De deelnemers worden voor deze oefening om de beurt geblinddoekt. Dit kan voor sommige deelnemers spannender zijn dan voor anderen.

Materiaal

Blinddoeken

Instructie cursisten
  • Maak groepjes van twee.
  • De ene noemen we de blinde en de ander de begeleider.
  • De blinde doet een blinddoek op.

De werkvorm bestaat daarna uit meerdere onderdelen en instructies.

 

Instructie 1:

Begeleiders begeleid je blinde op een veilige manier door deze ruimte: Start!

Je geeft geen instructies over hoe ze de blinden moeten begeleiden, maar observeert juist welke keuze hier in worden gemaakt.

  • Na een paar minuten zeg je stop.
  • Vraag de blinden om hun blinddoek af te toen.
  • Vraag per tweetal hoe het is gegaan.

Stel concrete vragen zoals; Hoe ben je begeleid, hadden jullie dit overlegd / afgestemd of gebeurde het gewoon? voelde je je veilig? Wat heeft je begeleider gedaan om je je veilig te laten voelen.

 

Na dat je hier even aandacht voor hebt gehad, vraag je de deelnemers om te wisselen van blinddoek.

 

Instructie 2:

Begeleid je blinden op een veilige manier door de ruimte zonder fysiek contact: Start!
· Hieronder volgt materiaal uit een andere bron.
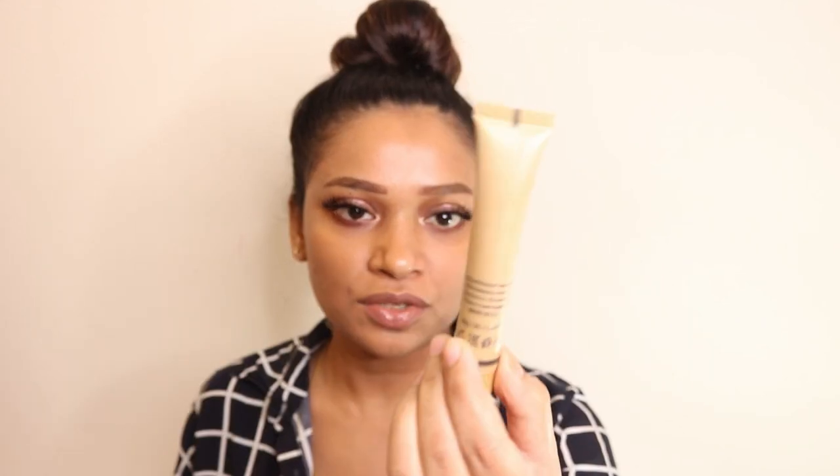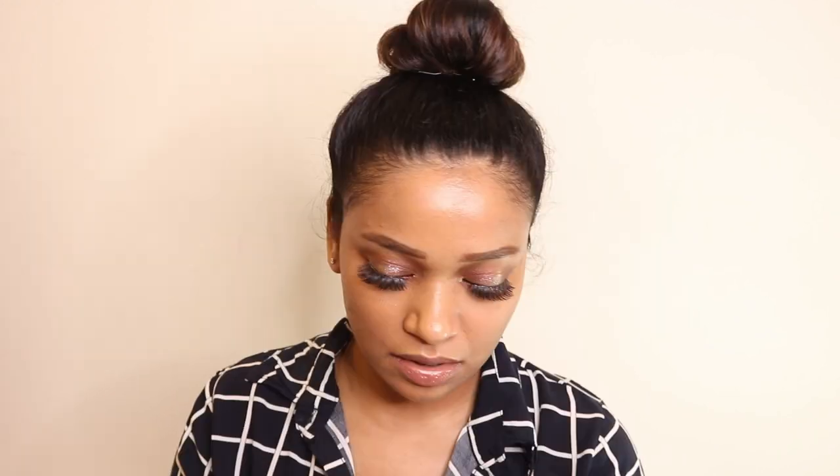It comes in a tube — let me show you the consistency. You can see the shade is really, really light for my skin tone. This is the consistency; it is a full coverage foundation.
  • Observeer weer wat er gebeurt.
  • Na een paar minuten zet je iedereen weer stil
  • Vraag de blinddoeken af te doen
  • Vraag wat nu extra belangrijk was in het begeleiden van de blinde.
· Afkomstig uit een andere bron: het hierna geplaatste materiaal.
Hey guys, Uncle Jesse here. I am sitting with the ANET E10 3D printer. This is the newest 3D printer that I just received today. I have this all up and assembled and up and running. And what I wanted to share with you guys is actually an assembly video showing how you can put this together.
Soms stel je een vraag aan een blinde over wat die nodig had in de begeleiding, en soms vraag je de begeleider wat die heeft toe gepast.

 

Het gaat er dan om dat het duidelijk wordt voor iedereen, dat afstemmen en aansluiten bij de behoefte van de blinde belangrijk is in contact en ook dat het belangrijk is om kort en duidelijk te zijn in je instructies. Dat een rustige betrouwbare stem kan helpen.
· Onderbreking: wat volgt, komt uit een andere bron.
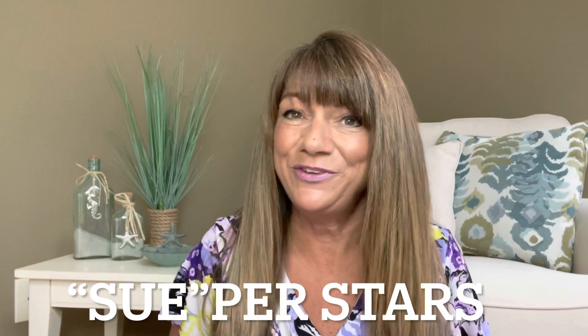Hey superstars! I'm Sue and welcome to my channel Reviews with Sue. If you're a returning subscriber, thank you so much for coming back and supporting our channel. If you're new here, welcome! I'm Sue and I hope you consider hitting that subscribe button.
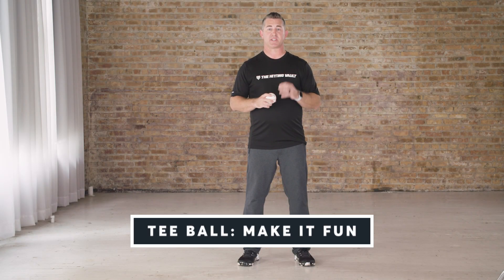I want to share a special message specifically for t-ball parents and coaches. I want to help you make sure that this game is something that your players love and they want to do for a very long time.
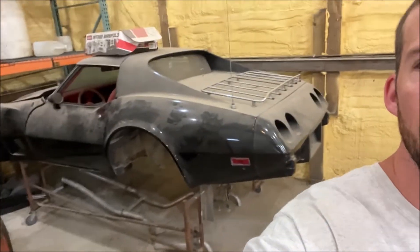I guess it's about time I finally do a little introduction on my next project. I ended up selling my Impala, but this is my next project.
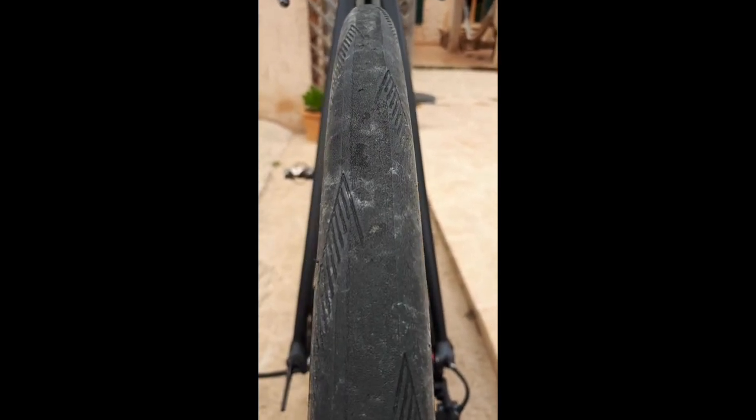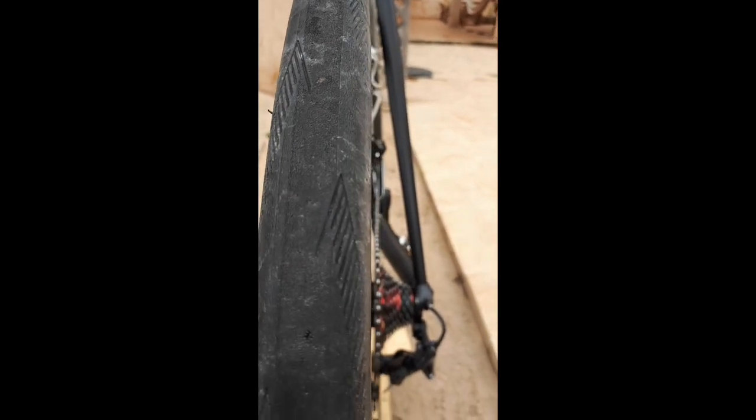I already replaced the front tire, which had more cuts in it. This rear tire now can't really hold pressure above four or five bar — actually more like four bar.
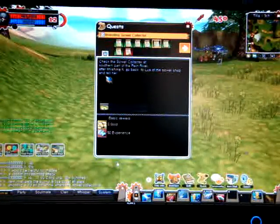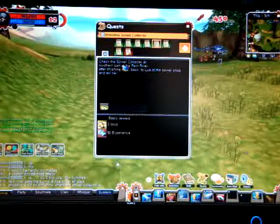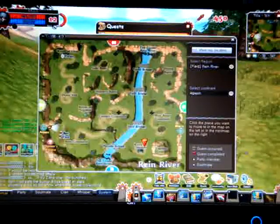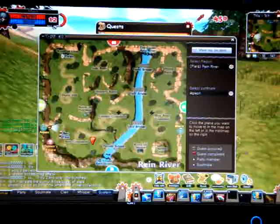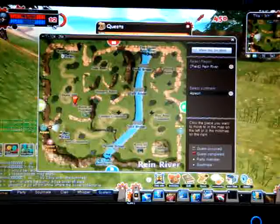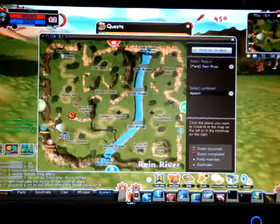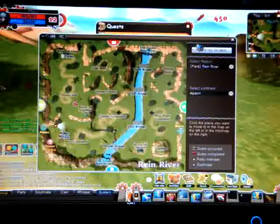This quest has stumped a lot of people. It says to check the Sowell Collector at the southern part of Rain River. People always look at the southern part because that's where it says it is. Well, guess where it is? It's right here — more like the western part of Rain River.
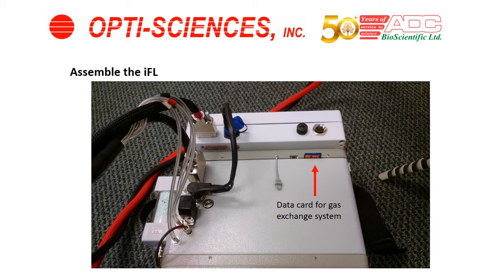Take the second data card and put it into the LC-PRO SD as shown. The system takes one or two gigabyte data cards — memory cards. Those are the only kind that will work with the system.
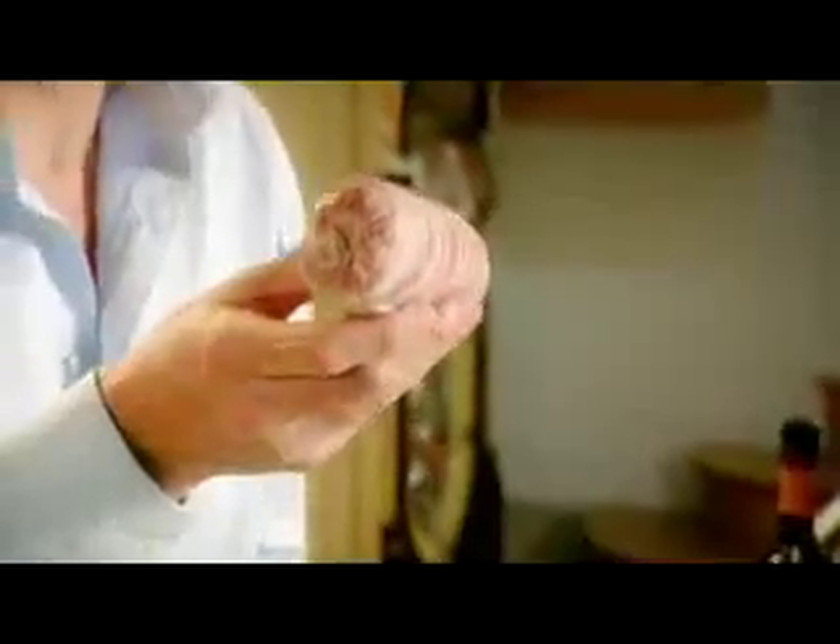Poach for 25 minutes. Chill for 30 minutes. Unwrap — look at it already, it looks sophisticated. Hot pan, olive oil, season.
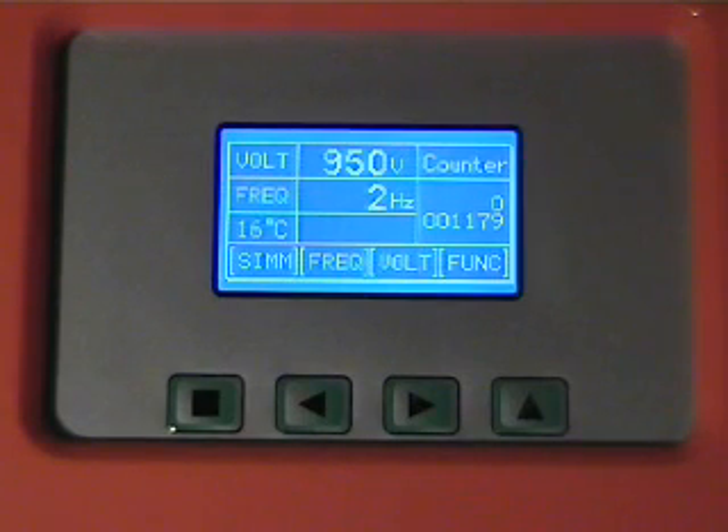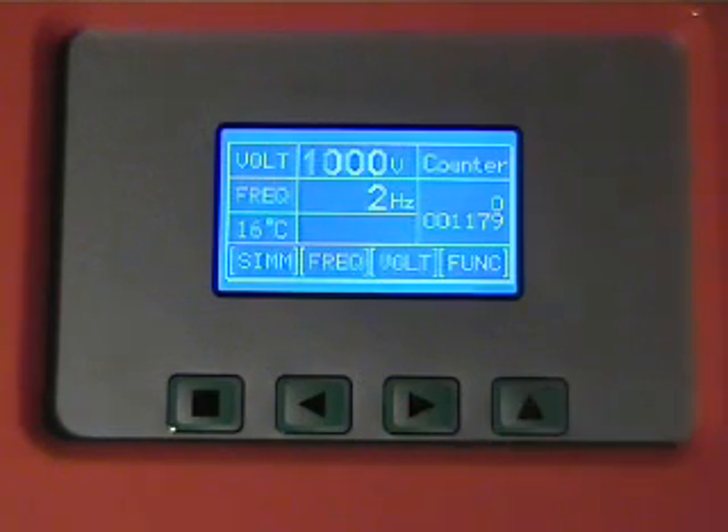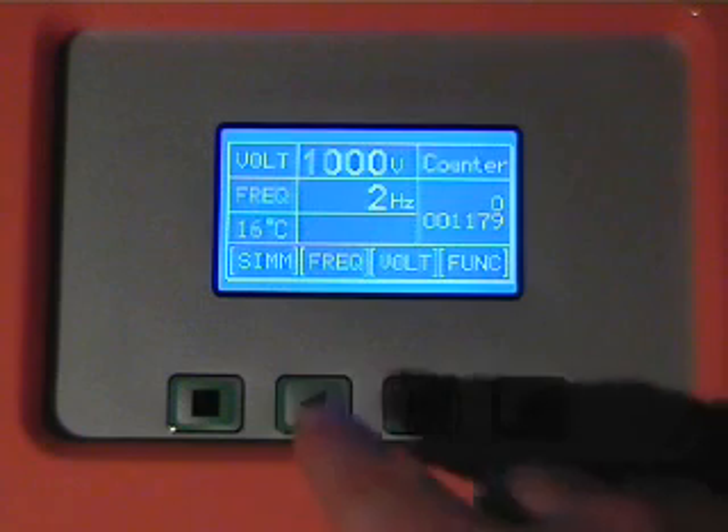The four red button user interface allows for easy setup by the user. The output energy and frequency are set by pressing the plus or minus buttons.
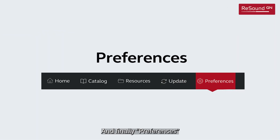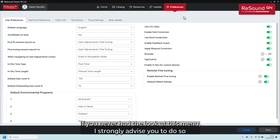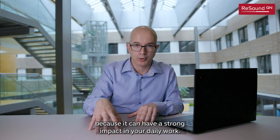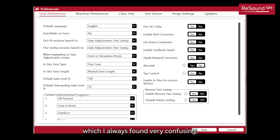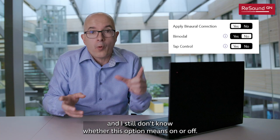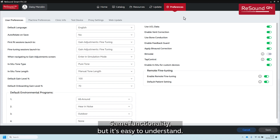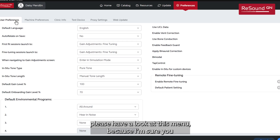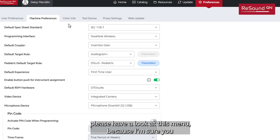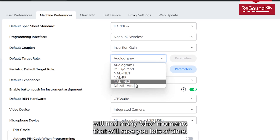And finally, Preferences. If you have never had a look at this menu, I strongly advise you to do so, because it can have a strong impact on your daily work. This is how it looked in previous versions — always very confusing, and I still don't know whether an option means on or off. And this is how it looks now: same functionality, but easy to understand. Please have a look at this menu because I'm sure you will find many aha moments that will save you lots of time.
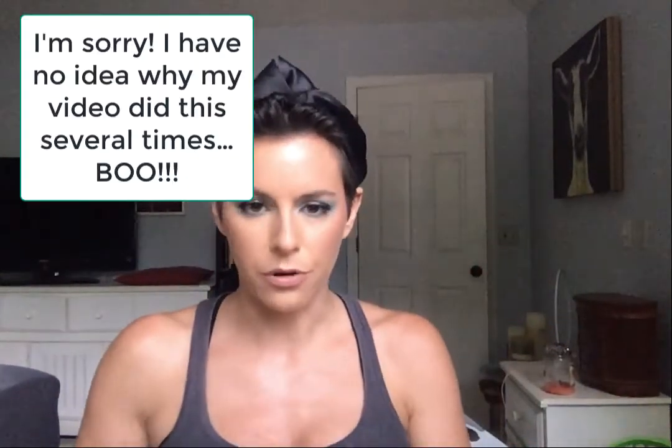Here we go — here are some crappy tweezers. So we've got one package from Alter Ego, which I've never tried before, and then the other brand is Coloured Raine. I'm actually really surprised by how small this box is because I was expecting it to be larger.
Complimenten stellen, gerust stellen, behoeftes benoemen enz.

Instructie 3:

Wissel van blinddoek en begeleid je blinde door de ruimte. Je mag zelf weten hoe: Start!

  • Na een minuut zet je de deelnemers weer stil.
  • Houdt de blinddoeken op!
  • Begeleiders laat de blinde achter en zoek een andere plek in de ruimte.

Geeft dan de instructie aan de begeleiders om de blinden binnen 30 seconde op een veilige manier bij zich te krijgen zonder zelf te verplaatsen.

 

Daarna bespreek je weer na. Op welke wijze spelen het noemen van iemands naam, stemherkenning, lawaai, chaos en de tijdsdruk een rol?

 

Instructie 4:

Wissel van blinddoek. Zet de blinden ergens in de ruimte en laat je blinde achter en zoek zelf een andere plek op in de ruimte.

Vervolgens ga je zonder dat de blinden het door hebben de begeleiders aan een andere blinde  koppelen. Dus de blinde krijgen zonder dat ze het weten een nieuwe begeleider.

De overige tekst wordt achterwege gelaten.